Upper Amazon Arawakan has been surveyed comprehensively by Henri Ramirez (2001), which includes a historical reconstruction as well.

==Languages==

===Kaufman (1994)===
Kaufman (1994) gives the following breakdown (Aikhenvald's names of branches in parentheses):

  - Western Nawiki (Colombian)
    - Wainumá group
      - Wainumá
      - Mariaté
      - Anauyá
    - Piapoko group
      - Achagua (Achawa)
      - Piapoco
      - Amarizana
      - Caviyari (Cabiyarí) ?
    - Warekena group
      - Guarequena (Warekena)
      - Mandahuaca (Mandawaka)
    - Río Negro group
      - Jumana (Yumana)
      - Pasé
      - Cawishana
    - Yucuna group
      - Yucuna (Jukuna)
      - Guarú
  - Eastern Nawiki (Upper Rio Negro)
    - Tariana
    - Karu group
      - Kurripako ( Ipeka-Tapuia-Curripako)
      - Baniwa (of Içana) (Carútana-Baniwa)
      - Katapolítani-Moriwene-Mapanai (Kadaupuritana)
  - Resígaro
  - Central Upper Amazon (Orinoco)
    - Baré group
      - Marawá
      - Baré
      - Guinao
    - Yavitero group
      - Yavitero
      - Baniwa (Abane)
      - Maipure
  - Manao (Middle Rio Negro)
    - Manao
    - Kariaí (Cariyai)

He leaves the following Upper Amazon languages unclassified:
- Shiriana (Xiriâna) , Yabaána , Waraikú (Araikú) , Wiriná

===Aikhenvald (1999)===
In 1999 Aikhenvald classified a couple languages Kaufman left out (Shiriana, Yabaâna), but leaves several of the Western Nawiki languages and branches unclassified.
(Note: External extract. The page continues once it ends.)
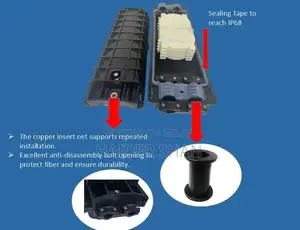 48 Fiber FTTH Inline Optical Splice Closure - Outdoor Enclosure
Several languages — Maipure, Resígaro, Cawishana, Mandahuaca, and Guarequena — are moved. She treats the Yucuna, Karu (Baniwa), and Bare groups as single languages.
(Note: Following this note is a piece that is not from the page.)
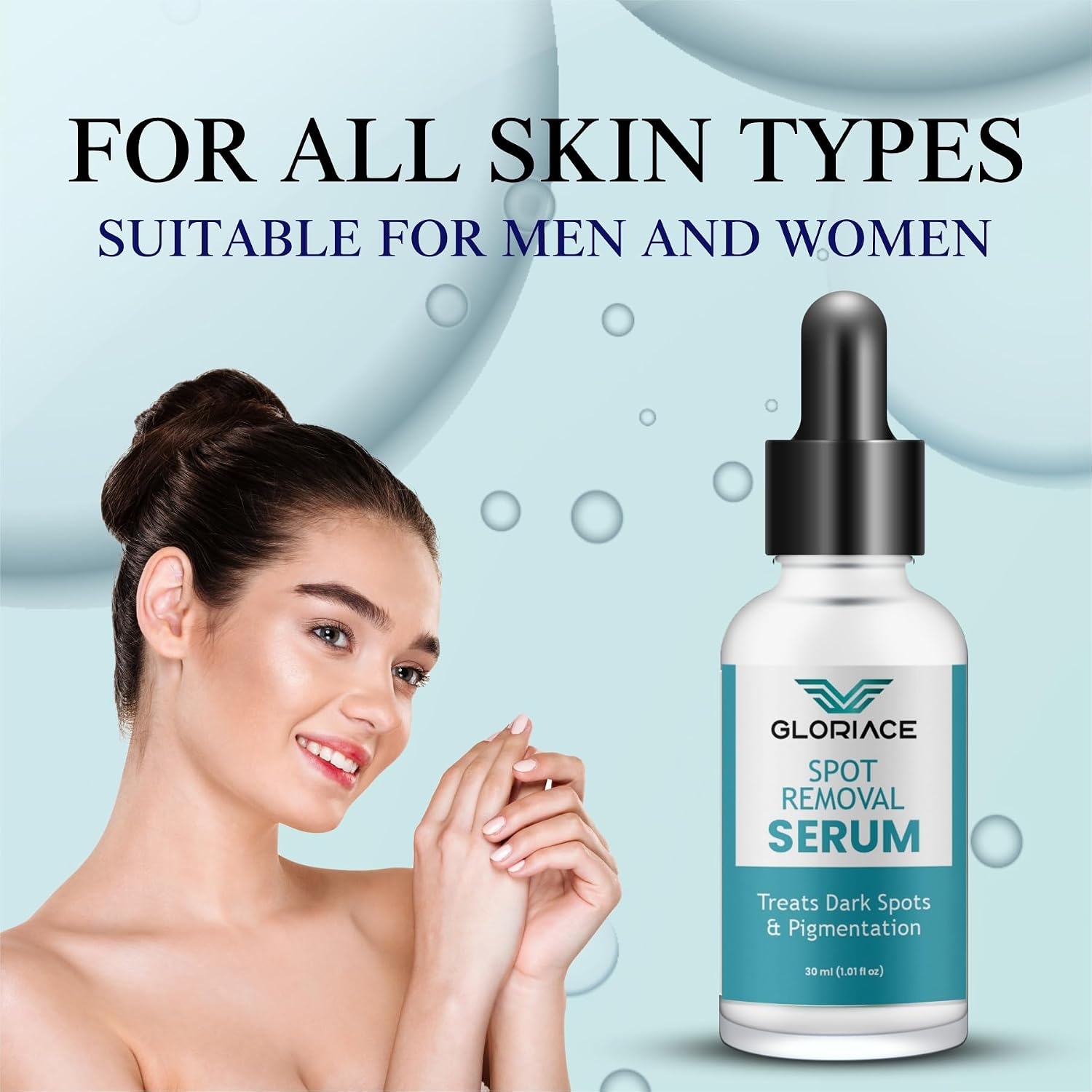 Gloriace Spot Removal Serum, Treats Dark Spots & Pigmentation, 30ml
  - Western Nawiki (Colombian)
    - Maipure
    - Resígaro ?
    - Achagua (Achawa)
    - Piapoco
    - Caviyari (Cabiyarí) ?
    - Yucuna (Jukuna) (dialect: Guarú )
  - Eastern Nawiki (Upper Rio Negro)
    - Tariana
    - Baniwa (Carútana-Baniwa) (dialects: Curripako, Catapolítani)
    - Guarequena (Warekena)
  - Central Upper Amazon (Orinoco)
    - Mandahuaca (Mandawaka)
    - Yabaâna
    - Baré (dialect: Guinao )
    - Yavitero
    - Baniwa of Guainia
  - Manao (Middle Rio Negro)
    - Manao
    - Shiriana (Xiriâna)
    - Cawishana (Kaiʃana)

Unclassified : Wainumá, Mariaté, Anauyá, Amarizana, Jumana (Yumana), Pasé, Kariaí (Cariyai), Waraikú (Araikú), Wiriná. Cabre (Cavare) was found in the area of the Western Nawiki languages, but only a few words are known. The "Ponares language" listed in Ethnologue may have been Piapoco or Achagua.